Closed form for $(p-4)!$ and $(p-3)!$ via Wilson's Theorem I would like to use Wilson's Theorem to compute
$(p - 4)! \mod p$
I've gotten as far as
$(p - 4)! \cdot (p-3) \cdot (p-2) \cdot (p-1) \equiv (p - 1) \pmod p$
However I can't figure out how to isolate
$(p - 4)! \mod p$
 A: By Wilson reflection $\rm\ mod\ p\!:\: -1 \equiv (p\!-\!1)! = \overbrace{(p\!-\!1)(p\!-\!2)(p\!-\!3)(p\!-\!4)!}^{\textstyle \equiv (-1)\ (-2)\ (-3)\ (p\!-\!4)!}\equiv -6(p\!-\!4)!$
But for $\rm\:p \ne 2,3,\: \ \ 2\cdot 3 = 6\:$ will be invertible mod $\rm\:p,\:$ so $\rm\:(p-4)! \equiv 1/6\pmod p$
Furthermore, notice $\rm\ \ p = 6\:k\pm 1\:\Rightarrow\:\bbox[5px,border:1px solid #c00]{(p\!-\!4)!\,\equiv\, 1/6\, \equiv  (1\mp p)/6},\, $ where $\rm\,6\mid 1\mp p$
Similarly $\,-1 \equiv (p\!-\!1)! = 2(p\!-\!3)! \Rightarrow \bbox[5px,border:1px solid #c00]{\rm(p\!-\!3)! \equiv -1/2 \equiv (p\!-\!1)/2},\,$ where $\rm\,2\mid p\!-\!1$
Note $\:$ The signed-equation denotes two equations: the top sign case, and bottom sign case.
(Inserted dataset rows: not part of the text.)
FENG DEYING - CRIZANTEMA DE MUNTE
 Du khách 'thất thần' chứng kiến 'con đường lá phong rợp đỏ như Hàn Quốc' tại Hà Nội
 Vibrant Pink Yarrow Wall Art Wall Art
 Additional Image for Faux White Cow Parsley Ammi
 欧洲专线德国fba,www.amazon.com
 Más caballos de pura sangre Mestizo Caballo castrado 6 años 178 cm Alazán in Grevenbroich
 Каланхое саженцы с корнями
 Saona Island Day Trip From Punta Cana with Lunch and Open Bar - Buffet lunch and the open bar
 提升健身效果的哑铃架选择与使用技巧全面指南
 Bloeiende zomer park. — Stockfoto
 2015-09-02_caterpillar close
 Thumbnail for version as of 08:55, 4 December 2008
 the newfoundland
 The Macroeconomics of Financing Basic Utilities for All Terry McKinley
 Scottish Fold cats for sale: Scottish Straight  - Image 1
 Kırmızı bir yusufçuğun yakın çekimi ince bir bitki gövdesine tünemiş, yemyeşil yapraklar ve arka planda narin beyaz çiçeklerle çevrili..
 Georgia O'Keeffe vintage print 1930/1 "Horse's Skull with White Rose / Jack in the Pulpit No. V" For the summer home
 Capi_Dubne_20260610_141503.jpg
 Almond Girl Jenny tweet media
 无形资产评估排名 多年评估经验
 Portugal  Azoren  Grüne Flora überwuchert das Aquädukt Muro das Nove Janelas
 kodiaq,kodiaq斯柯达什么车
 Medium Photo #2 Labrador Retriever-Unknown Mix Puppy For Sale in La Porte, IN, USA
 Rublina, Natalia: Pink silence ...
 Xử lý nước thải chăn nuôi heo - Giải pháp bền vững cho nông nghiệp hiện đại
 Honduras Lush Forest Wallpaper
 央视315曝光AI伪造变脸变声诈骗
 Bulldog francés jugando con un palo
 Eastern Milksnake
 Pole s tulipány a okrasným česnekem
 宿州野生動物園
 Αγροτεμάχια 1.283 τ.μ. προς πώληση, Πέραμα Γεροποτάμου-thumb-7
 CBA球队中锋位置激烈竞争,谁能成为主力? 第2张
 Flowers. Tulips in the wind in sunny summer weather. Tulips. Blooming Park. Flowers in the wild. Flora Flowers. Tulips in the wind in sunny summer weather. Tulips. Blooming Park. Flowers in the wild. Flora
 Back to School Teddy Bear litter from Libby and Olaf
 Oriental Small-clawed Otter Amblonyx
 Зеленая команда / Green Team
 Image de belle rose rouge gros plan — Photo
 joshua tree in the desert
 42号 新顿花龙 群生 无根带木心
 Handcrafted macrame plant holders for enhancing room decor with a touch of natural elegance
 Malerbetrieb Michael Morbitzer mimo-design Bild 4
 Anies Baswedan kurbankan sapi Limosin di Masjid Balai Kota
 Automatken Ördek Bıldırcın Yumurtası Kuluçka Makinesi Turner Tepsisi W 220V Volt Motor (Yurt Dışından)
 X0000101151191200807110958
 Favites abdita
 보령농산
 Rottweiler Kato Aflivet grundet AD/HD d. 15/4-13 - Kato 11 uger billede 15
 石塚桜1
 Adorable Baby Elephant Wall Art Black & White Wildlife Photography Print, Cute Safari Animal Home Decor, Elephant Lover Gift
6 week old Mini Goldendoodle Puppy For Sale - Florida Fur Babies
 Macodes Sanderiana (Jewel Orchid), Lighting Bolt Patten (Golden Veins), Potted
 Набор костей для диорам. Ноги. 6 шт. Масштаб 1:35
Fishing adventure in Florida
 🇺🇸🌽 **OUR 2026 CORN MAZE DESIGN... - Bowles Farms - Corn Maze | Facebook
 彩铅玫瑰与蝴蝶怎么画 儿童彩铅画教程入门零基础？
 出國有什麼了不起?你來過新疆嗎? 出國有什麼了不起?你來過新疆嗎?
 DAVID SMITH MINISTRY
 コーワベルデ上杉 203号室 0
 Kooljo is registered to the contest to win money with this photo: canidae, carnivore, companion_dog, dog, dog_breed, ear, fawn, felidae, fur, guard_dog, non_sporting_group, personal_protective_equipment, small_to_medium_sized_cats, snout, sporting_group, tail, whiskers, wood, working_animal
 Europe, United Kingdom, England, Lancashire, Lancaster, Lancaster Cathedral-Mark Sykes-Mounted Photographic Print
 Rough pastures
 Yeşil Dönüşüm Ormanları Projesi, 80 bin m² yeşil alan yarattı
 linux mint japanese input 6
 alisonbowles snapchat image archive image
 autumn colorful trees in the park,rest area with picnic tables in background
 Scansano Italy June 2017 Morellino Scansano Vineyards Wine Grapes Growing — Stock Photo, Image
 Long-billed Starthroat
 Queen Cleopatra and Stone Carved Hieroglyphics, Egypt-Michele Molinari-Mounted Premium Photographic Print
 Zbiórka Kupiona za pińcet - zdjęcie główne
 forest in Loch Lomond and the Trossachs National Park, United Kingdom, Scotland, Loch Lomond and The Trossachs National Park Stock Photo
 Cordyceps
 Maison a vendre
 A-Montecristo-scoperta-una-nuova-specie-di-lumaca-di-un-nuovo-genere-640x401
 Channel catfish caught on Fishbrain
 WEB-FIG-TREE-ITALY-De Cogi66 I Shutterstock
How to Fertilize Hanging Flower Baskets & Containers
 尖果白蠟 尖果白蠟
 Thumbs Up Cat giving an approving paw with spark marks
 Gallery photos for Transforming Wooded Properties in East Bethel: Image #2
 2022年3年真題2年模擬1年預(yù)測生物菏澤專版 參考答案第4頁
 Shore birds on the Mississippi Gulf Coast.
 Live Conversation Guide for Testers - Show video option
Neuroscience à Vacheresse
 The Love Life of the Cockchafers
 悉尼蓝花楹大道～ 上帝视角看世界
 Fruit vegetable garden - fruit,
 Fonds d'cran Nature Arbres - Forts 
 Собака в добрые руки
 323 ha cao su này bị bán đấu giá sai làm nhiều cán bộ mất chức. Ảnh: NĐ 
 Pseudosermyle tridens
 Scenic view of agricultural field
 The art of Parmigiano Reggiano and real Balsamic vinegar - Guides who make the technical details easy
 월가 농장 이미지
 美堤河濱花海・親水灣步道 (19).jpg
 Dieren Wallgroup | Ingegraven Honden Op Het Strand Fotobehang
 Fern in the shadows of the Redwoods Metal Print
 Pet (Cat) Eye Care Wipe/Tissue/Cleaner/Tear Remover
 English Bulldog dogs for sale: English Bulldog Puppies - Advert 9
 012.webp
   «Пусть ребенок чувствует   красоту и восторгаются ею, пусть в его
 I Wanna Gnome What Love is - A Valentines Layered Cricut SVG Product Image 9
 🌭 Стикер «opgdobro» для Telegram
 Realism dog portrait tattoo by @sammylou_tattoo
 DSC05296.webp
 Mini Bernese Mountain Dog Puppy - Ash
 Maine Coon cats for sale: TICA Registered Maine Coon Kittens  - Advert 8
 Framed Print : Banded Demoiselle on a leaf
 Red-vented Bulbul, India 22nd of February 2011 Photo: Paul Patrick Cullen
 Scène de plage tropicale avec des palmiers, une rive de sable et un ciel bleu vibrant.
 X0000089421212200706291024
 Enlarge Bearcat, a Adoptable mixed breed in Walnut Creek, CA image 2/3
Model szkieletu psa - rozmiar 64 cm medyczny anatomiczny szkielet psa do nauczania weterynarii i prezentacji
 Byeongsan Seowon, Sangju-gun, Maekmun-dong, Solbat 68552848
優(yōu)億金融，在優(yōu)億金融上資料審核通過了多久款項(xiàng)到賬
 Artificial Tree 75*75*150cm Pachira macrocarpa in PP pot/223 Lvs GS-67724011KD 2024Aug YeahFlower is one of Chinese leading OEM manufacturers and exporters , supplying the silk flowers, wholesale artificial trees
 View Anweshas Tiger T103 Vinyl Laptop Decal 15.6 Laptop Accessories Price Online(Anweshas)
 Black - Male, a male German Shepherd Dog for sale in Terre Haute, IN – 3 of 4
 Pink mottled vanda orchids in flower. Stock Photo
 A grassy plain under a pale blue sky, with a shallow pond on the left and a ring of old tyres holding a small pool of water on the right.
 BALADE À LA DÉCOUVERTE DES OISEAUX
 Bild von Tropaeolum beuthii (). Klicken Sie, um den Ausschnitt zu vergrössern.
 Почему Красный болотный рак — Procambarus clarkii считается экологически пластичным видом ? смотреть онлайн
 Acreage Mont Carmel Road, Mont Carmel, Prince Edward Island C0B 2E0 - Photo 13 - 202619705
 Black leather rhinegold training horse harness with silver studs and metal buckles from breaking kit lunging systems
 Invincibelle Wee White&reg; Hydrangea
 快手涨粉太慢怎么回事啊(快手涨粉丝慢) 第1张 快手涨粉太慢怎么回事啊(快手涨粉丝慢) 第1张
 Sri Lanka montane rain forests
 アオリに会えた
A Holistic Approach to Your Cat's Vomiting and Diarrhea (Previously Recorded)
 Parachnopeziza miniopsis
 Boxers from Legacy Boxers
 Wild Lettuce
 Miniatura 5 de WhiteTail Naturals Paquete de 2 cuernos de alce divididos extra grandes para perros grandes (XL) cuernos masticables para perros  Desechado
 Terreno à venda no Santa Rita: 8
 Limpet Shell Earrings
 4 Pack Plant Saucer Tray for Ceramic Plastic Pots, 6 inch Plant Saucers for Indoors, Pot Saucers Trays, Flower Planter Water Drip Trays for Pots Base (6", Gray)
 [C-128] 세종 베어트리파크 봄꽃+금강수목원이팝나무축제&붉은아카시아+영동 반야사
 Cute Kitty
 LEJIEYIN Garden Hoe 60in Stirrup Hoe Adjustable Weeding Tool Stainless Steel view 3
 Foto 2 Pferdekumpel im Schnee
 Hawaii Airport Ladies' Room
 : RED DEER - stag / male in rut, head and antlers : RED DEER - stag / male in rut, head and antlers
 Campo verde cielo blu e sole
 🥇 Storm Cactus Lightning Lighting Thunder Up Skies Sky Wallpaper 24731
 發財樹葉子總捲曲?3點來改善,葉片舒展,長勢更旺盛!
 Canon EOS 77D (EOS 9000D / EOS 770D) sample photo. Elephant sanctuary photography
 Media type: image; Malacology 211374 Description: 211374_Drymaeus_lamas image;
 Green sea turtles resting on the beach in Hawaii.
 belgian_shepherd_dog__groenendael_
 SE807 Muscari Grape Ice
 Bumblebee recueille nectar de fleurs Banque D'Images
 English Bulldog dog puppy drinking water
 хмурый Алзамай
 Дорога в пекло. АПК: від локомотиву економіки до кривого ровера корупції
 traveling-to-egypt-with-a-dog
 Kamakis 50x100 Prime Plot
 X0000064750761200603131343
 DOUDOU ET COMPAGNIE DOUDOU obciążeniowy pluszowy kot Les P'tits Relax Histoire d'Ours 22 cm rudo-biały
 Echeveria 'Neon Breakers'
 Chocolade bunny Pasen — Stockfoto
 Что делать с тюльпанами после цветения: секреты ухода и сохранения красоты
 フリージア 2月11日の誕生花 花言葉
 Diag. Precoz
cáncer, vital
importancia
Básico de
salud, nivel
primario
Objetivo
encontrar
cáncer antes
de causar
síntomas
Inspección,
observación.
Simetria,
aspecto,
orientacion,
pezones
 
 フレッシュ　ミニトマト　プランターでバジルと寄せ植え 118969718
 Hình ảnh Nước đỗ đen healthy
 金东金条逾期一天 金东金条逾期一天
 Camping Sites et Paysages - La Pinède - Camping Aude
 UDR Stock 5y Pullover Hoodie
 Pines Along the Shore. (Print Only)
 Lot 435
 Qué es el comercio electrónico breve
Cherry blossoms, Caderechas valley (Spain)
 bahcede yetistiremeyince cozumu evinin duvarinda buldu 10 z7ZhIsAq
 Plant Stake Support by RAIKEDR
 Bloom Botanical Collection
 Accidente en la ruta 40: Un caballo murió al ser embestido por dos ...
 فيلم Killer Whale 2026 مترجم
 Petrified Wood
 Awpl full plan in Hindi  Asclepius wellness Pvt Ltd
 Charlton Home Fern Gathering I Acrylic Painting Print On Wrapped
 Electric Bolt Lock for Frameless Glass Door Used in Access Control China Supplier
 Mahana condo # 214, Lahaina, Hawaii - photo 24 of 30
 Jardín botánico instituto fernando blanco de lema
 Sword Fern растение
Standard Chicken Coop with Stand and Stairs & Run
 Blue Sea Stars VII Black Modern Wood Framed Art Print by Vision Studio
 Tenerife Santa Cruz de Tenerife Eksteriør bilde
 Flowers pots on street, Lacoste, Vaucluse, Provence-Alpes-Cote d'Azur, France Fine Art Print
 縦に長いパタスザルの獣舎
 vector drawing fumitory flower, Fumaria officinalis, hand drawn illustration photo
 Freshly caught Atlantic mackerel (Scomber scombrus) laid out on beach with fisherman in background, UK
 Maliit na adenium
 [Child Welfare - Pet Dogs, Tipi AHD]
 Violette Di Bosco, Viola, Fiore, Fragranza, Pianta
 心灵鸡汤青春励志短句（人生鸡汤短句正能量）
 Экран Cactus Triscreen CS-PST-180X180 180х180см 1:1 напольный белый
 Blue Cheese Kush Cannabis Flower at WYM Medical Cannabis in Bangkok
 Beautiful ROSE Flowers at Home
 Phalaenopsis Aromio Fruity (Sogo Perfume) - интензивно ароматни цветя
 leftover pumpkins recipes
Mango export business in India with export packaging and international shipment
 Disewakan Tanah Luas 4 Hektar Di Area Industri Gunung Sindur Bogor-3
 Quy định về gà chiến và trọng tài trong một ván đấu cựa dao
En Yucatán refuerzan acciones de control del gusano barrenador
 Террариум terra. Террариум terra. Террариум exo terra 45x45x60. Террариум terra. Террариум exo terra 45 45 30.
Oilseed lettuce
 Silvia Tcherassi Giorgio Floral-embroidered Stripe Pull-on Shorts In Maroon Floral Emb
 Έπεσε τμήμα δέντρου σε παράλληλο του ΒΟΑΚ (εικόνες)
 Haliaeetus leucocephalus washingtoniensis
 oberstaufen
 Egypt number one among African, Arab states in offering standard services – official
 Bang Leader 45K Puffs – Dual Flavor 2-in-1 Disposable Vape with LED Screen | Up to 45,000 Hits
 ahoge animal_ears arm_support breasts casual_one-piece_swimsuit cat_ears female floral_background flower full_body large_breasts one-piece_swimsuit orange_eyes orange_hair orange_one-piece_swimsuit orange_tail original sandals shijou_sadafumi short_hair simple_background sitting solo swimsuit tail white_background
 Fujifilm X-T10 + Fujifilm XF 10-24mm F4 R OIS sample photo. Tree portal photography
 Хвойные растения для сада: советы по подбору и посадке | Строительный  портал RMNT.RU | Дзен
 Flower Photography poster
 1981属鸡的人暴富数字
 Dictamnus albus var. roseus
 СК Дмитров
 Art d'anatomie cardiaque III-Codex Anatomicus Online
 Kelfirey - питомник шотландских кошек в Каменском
$$\begin{eqnarray}\rm\:p = 6\:\!k{\color{#c00}{+1}}\: &\Rightarrow& \rm\:(p-4)!\equiv 1/6\equiv (1+{\color{#c00}{(-1)}} p)/6&\rm\quad top\ signs \\ 
\rm\:p = 6\:\!k{\color{#c00}{-1}}\: &\Rightarrow &\rm\:(p-4)!\equiv 1/6\equiv (1+{\color{#c00}{(+1)}} p)/6&\rm\quad bottom\ signs \end{eqnarray}$$
Indeed, we seek $\rm\:x\:$ so $\rm\:6\:|\:1+x\:\!p,\:$ or $\rm\:mod\ 6\!:\: -1\equiv x\:\!p \equiv x\!\:s,\:$ where $\rm\:\color{#c00}s = (p\ mod\ 6),\,$ by inverse reciprocity. So $\rm\:x \equiv -1/s.\:$ Here $\rm\:s\equiv \pm1\:\Rightarrow\:s^2 = 1\:\Rightarrow\: -1/s = -s/s^2 = -s,\:$ so
$$\rm\:p = 6\:\!k+{\color{#c00}{s}}\: \Rightarrow\: (p-4)!\equiv 1/6\equiv (1+{\color{#c00}{(-s)}}\:\! p)/6\quad abstract\ sign$$
Hence the equation that I wrote above involving the signs $\pm$ and $\mp,$ denotes two equations, the case $\rm\:s = 1\:$ of above (choose all the top signs) and case $\rm\:s = -1\:$ (choose all the bottom signs). Indeed, if we substitute $\rm\: s = \pm 1\:$ then $\rm -s = \mp 1,\:$ so we obtain said equation with signs.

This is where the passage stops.